The report, Working Past Our 60s: Reforming Laws and Policies for the Older Worker, made a range of recommendations about legislative reforms to remove age barriers.

The report included the following statistics from both the ABS and DEEWR to make its case for urgent reform in such areas as 
age limits on workers' compensation, insurance and professional licensing.

  • In 1901, only 4 per cent of the Australian population was aged 65 years or older. By June 2010, this proportion had risen to 13.5 per cent, and is projected to increase to between 21 per cent and 23 per cent by 2041.
  • In the year to June 2010, 71% of Australians aged 55-59 years were participating in the labour market. These rates drop to 51% for people in the 60-64 age group and to 24% for people aged 65 to 69. The number of people who continue to work beyond the age of 70 is comparatively low, ranging between 2.7% and 4.5% since the 1980s.
  • In 2011, the average age at which people intended to retire was 62.9 years (63.5 years for men and 62.0 years for women). Yet the data also shows that Australians leave the workforce earlier than we estimate or intend. The average retirement age for men and women has hovered around 50 for women and 60 for men.
  • Of those older underemployed workers who had actively looked for work with more hours in September 2009, 20% cited 'being considered too old by employers' as their main difficulty.

National Seniors Australia estimates there is an economic loss of $10.8 billion a year to the Australian economy for not utilising the skills and experience of older Australians.

Recruitment agencies that can effectively do these three things will have a very big advantage over their competitors who remain obsessed with satisfying their clients' demands for potential employees that are ‘pretty, young, and skilled'.

I see the role of recruitment agencies as being very important in:

a) assessing the skills, competencies and motivation of older workers, (ie not making any assumptions about capability and suitability purely based on age)

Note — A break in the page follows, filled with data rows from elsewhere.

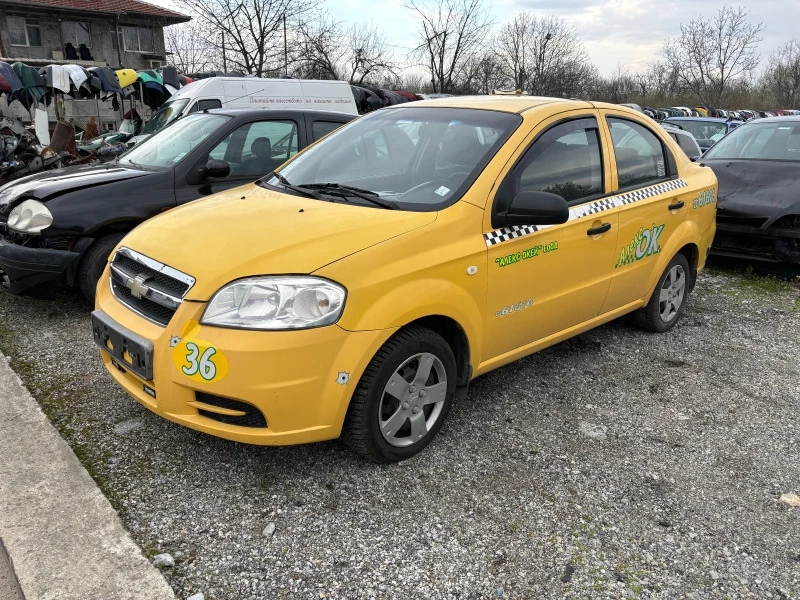 Chevrolet Aveo 1.4 ЧАСТИ, снимка 2 - Автомобили и джипове - 37043587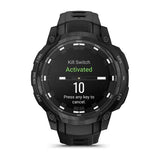 Garmin Instinct Crossover AMOLED, Tactical Edition, Black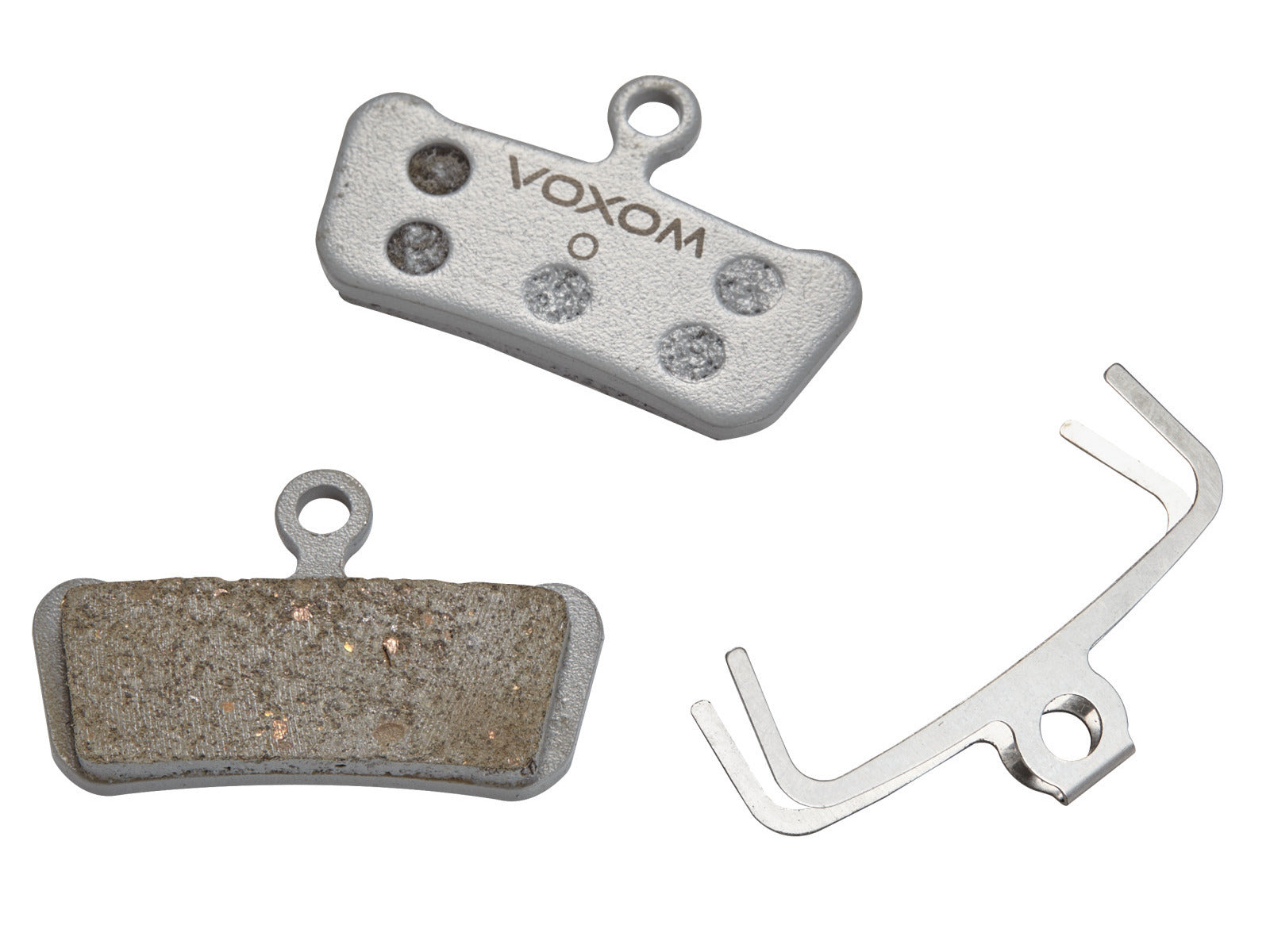 Voxom Disc Brake Pads Bsc5 Silver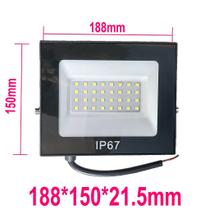 Kit 5/10 Refletor LED 400W 500W Branco Frio 6500k Granfei Holofote IP67 Soutimes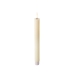 LED Candle Lumineo Beige Ø 2,2 x 24,5 cm (AAA) (2 Units)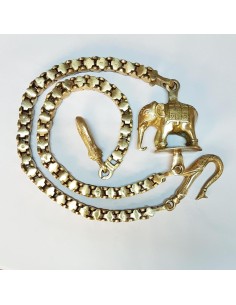 Chaîne Éléphant 178cm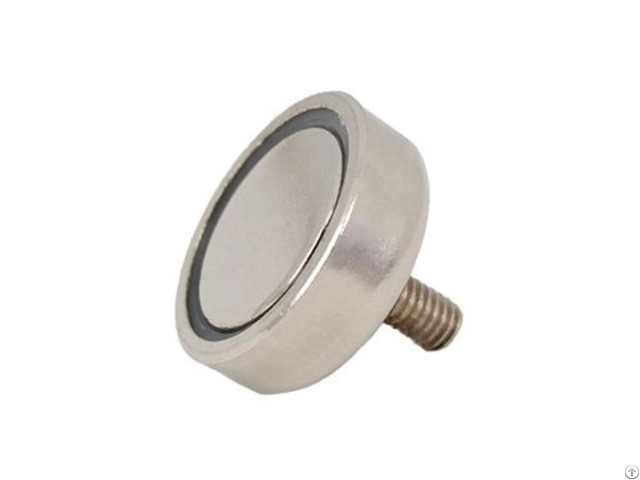 External Threaded Pot Magnet Of Ndfeb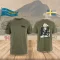 Fjallraven เสื้อยืด Swedish Forest T-Shirt Men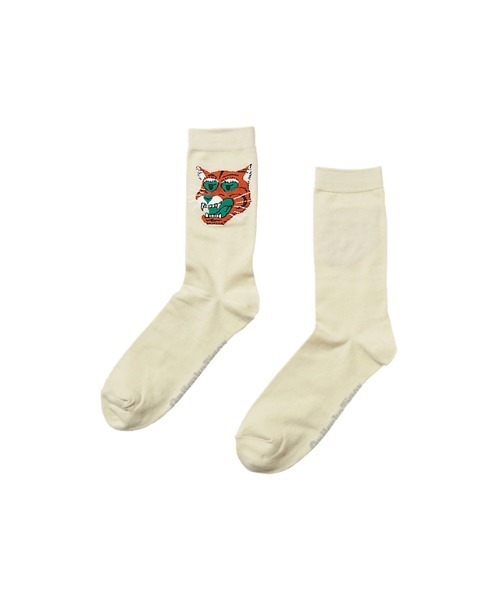 みれそ Onitsuka Tiger 靴下 MIDDLE SOCKS / ミドルソックス レディース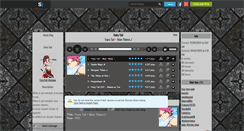 Desktop Screenshot of fairytail-musique.skyrock.com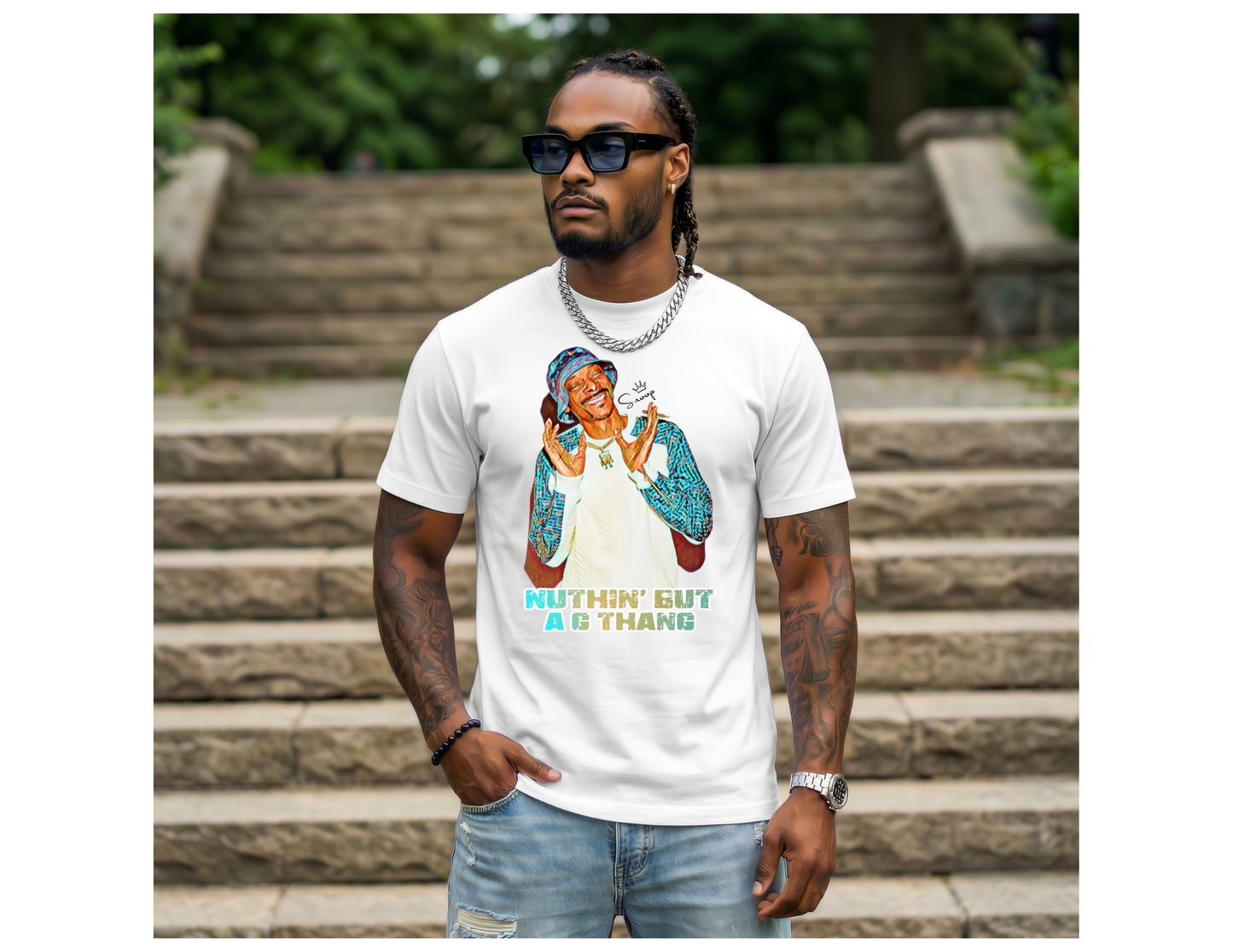 GOAT Tee | Snoop Dogg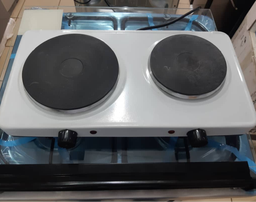 Double Burner Electric Stove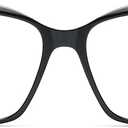 AMOMOMA 3-Pack Trendy Oversized Cat Eye Reading Glasses for Women Stylish Square Blue Light Blocking Readers AM6141 Mix (+3.00 Magnification Strength)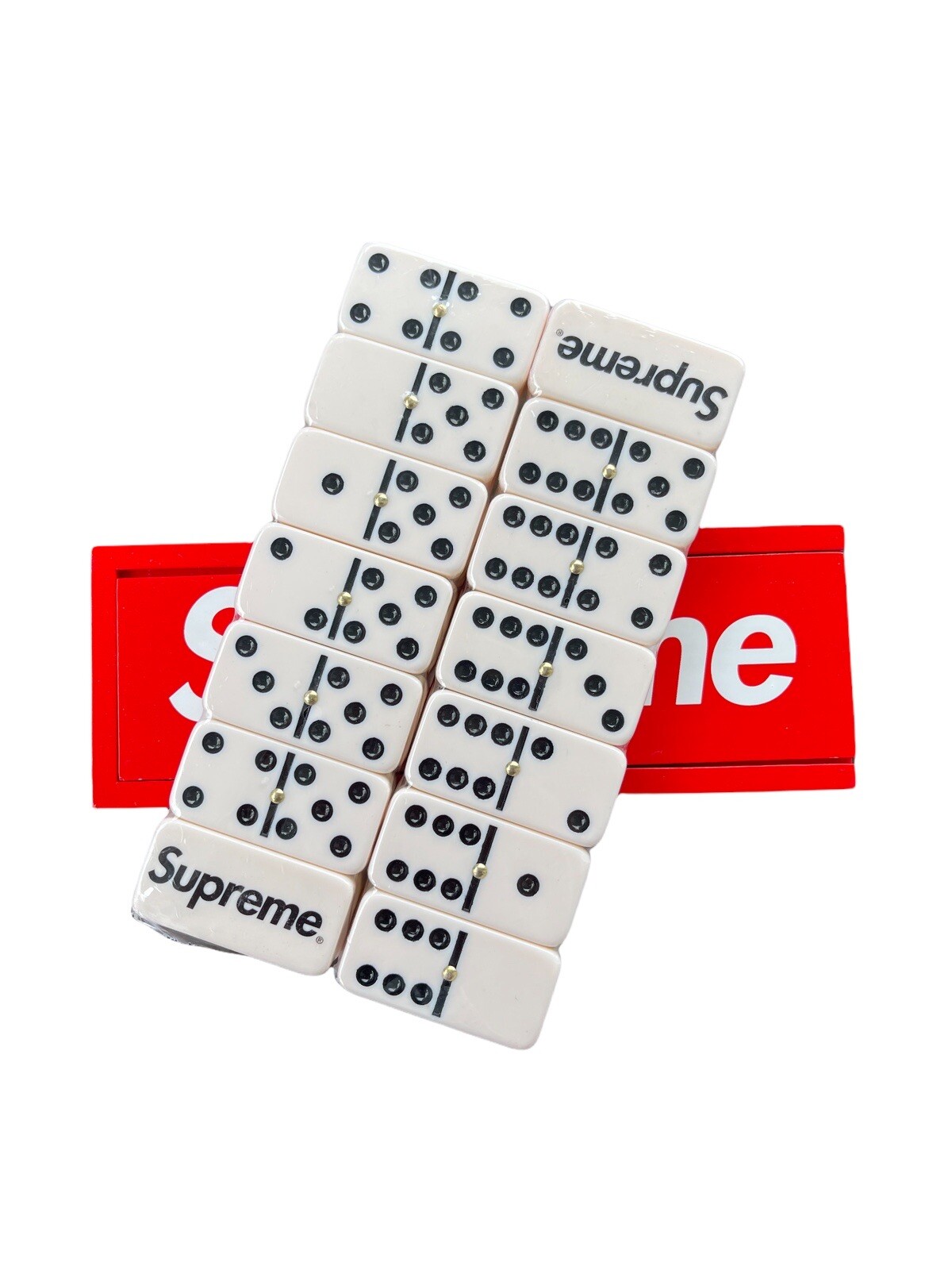 F/W 2012 Supreme Domino Set Brand New SEALED | ULTRA Rare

b) representing these older workers to our clients in a way that does justice to the individual capabilities of these older workers and (most importantly)

c) rebutting unsubstantiated client objections based on age-related generalisations (eg not a ‘cultural fit', not ‘strong enough' etc)

Recruitment agencies that can effectively do these three things will have a very big advantage over their competitors who remain obsessed with satisfying their clients' demands for potential employees that are ‘pretty, young, and skilled'.